WORK TO COMPLETE ▸
With the pictures left out, print exactly the lines below that run from the one containing "Car wash logo" through the one containing "J. Crew White".

RECORDS ▸
====================

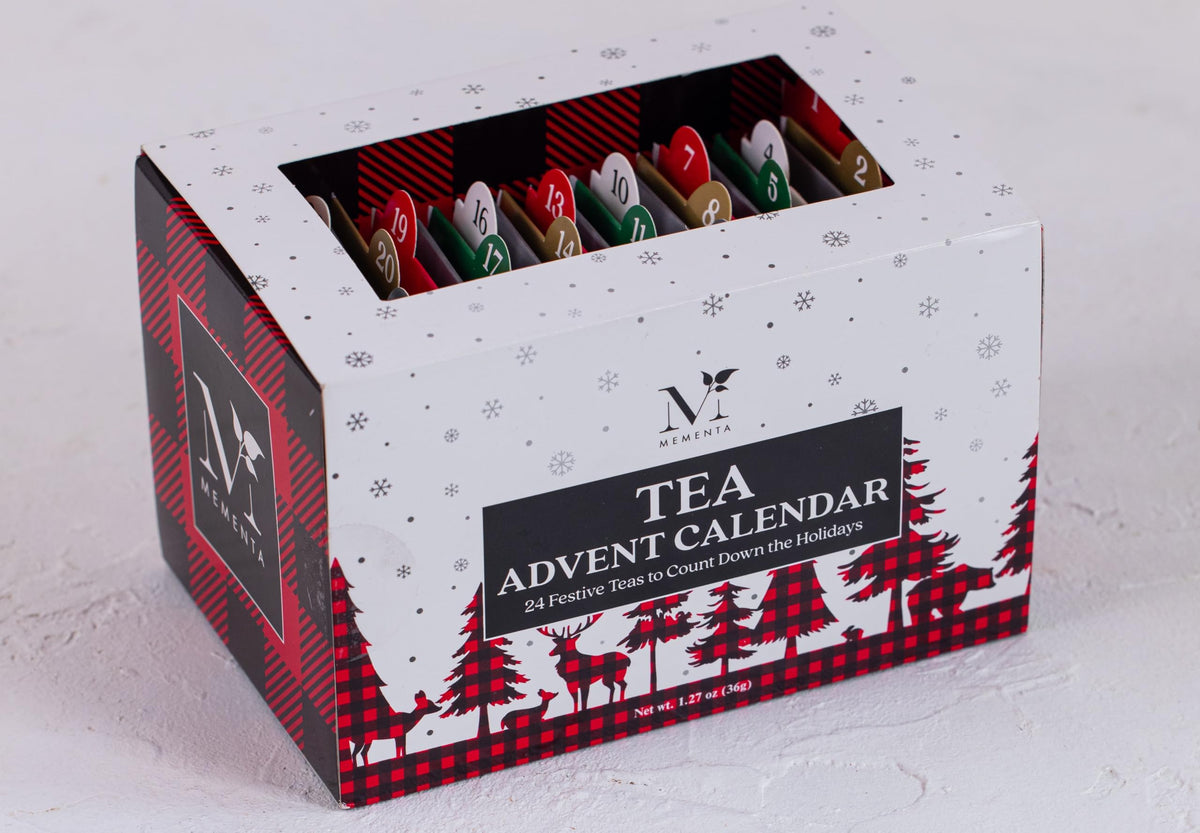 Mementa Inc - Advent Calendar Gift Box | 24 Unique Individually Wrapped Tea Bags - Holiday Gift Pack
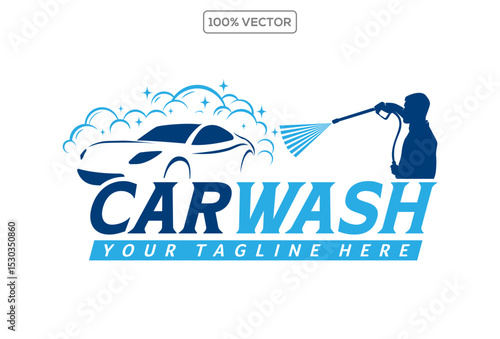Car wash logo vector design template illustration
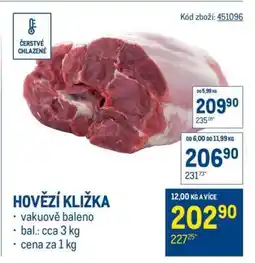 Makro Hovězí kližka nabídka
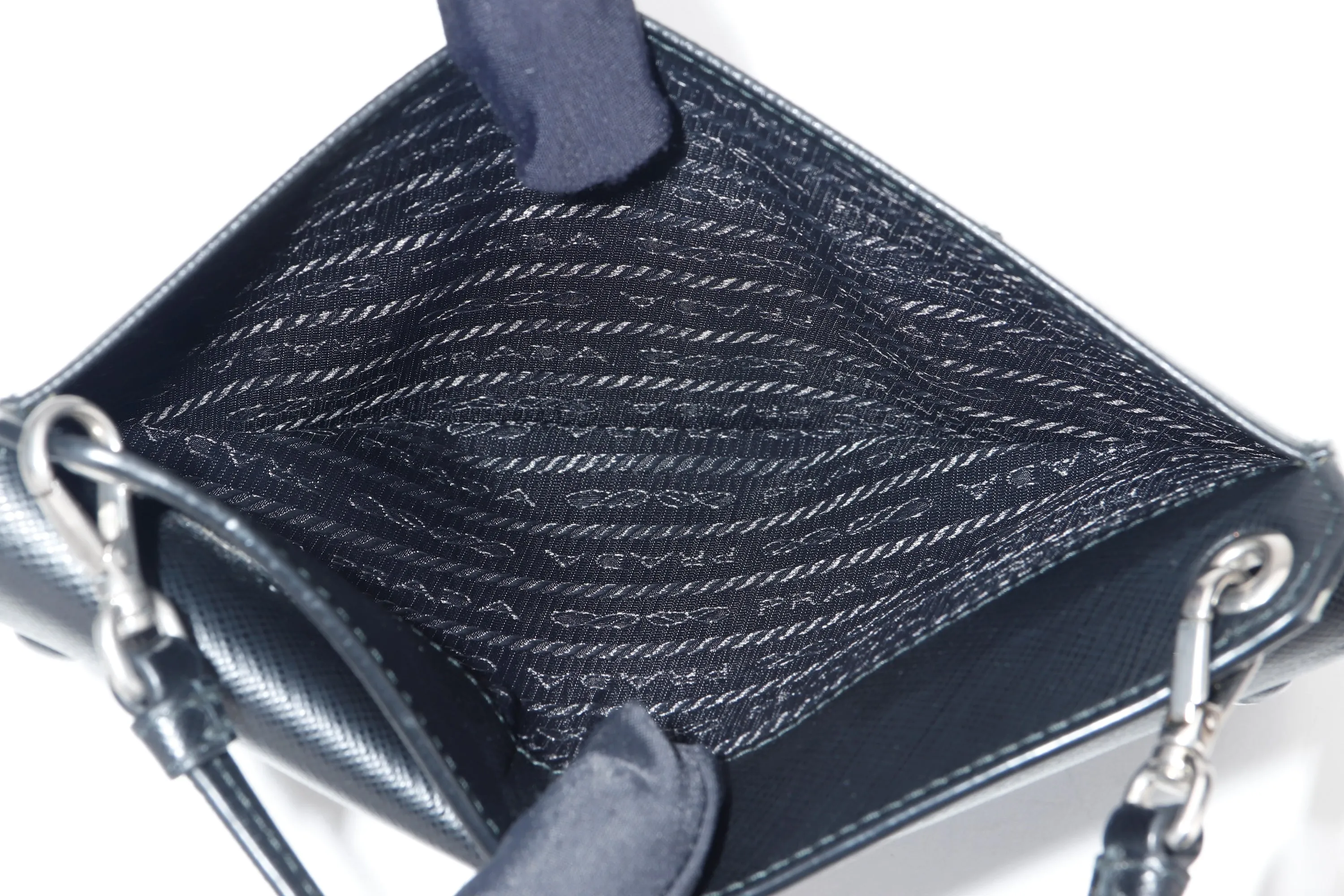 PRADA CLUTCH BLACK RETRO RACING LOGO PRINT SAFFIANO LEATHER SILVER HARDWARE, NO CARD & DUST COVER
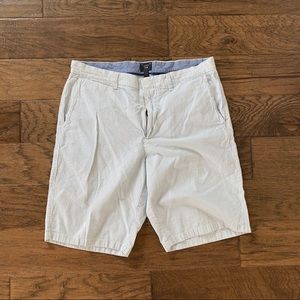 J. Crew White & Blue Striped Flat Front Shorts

====================

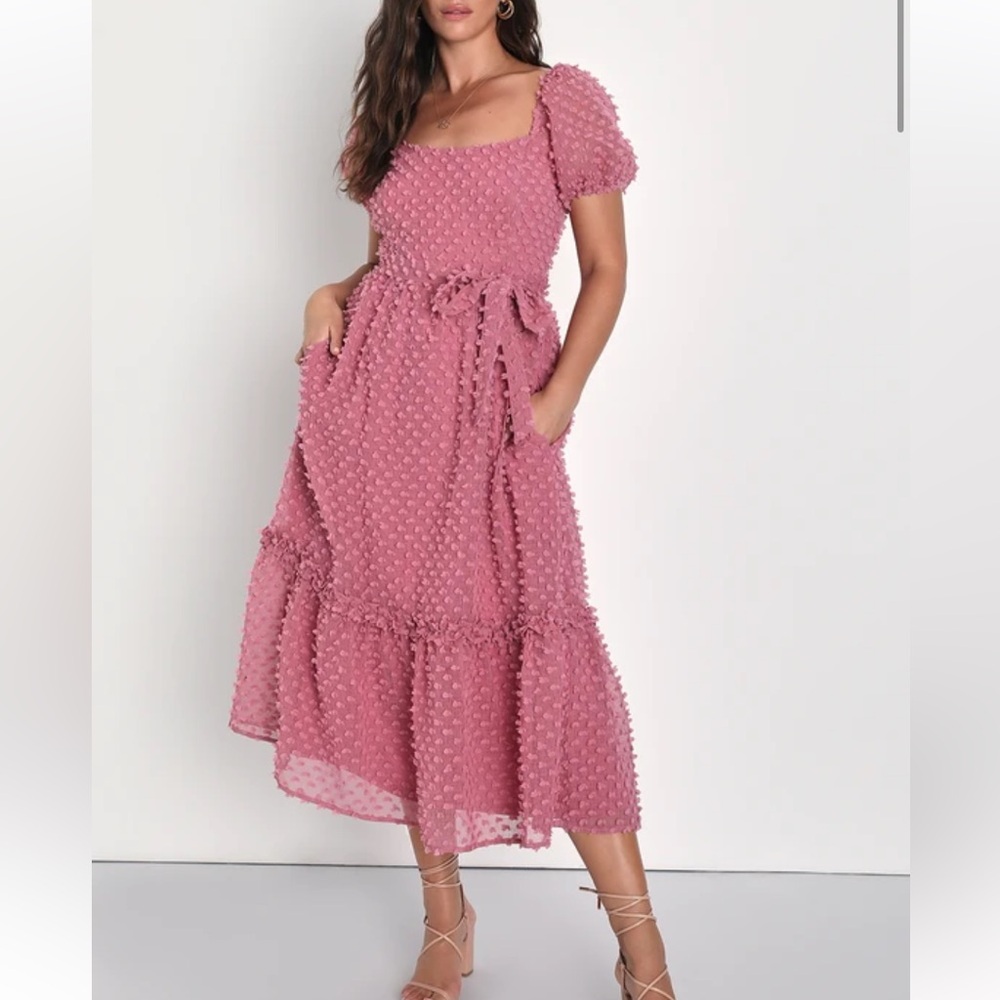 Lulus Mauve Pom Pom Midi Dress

====================

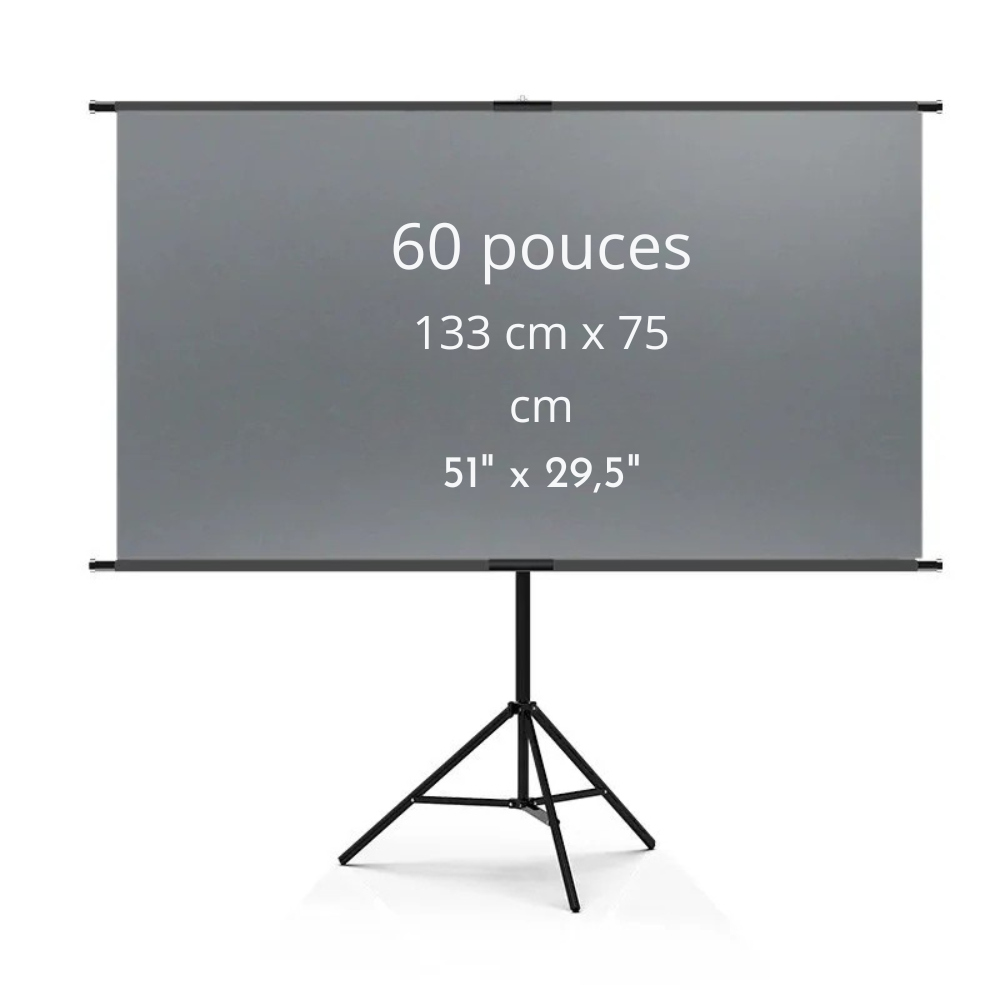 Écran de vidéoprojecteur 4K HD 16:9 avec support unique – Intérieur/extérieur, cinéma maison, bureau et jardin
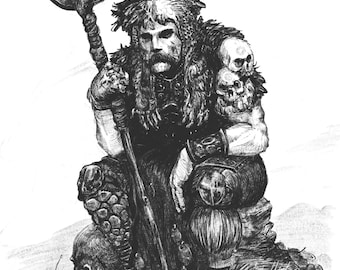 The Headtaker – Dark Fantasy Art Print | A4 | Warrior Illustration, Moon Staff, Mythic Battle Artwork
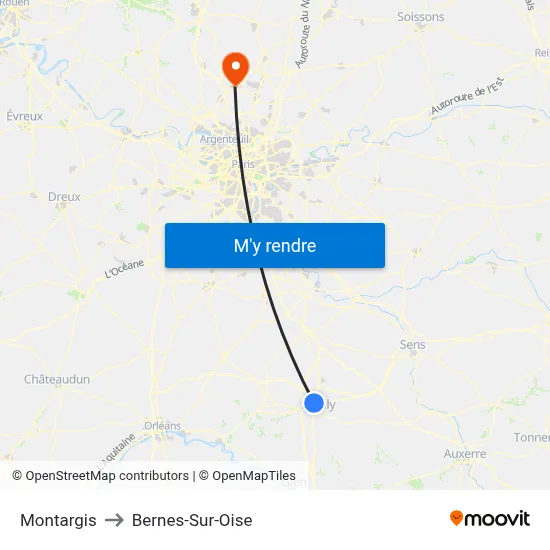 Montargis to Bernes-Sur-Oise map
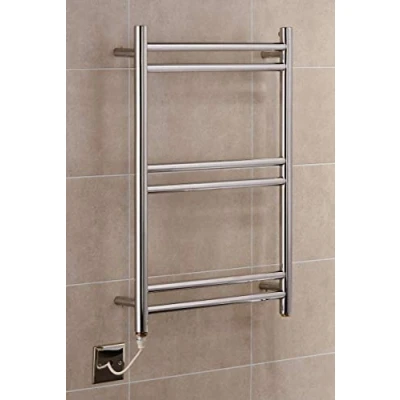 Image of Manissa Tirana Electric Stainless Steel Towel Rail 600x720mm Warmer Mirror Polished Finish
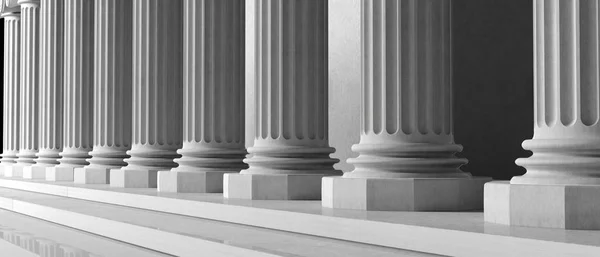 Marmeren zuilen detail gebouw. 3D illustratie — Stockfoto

====================

WRITTEN RESPONSE ▸
Car wash logo vector design template illustration
 Makro Hovězí kližka nabídka
 PRADA CLUTCH BLACK RETRO RACING LOGO PRINT SAFFIANO LEATHER SILVER HARDWARE, NO CARD & DUST COVER
 J. Crew White & Blue Striped Flat Front Shorts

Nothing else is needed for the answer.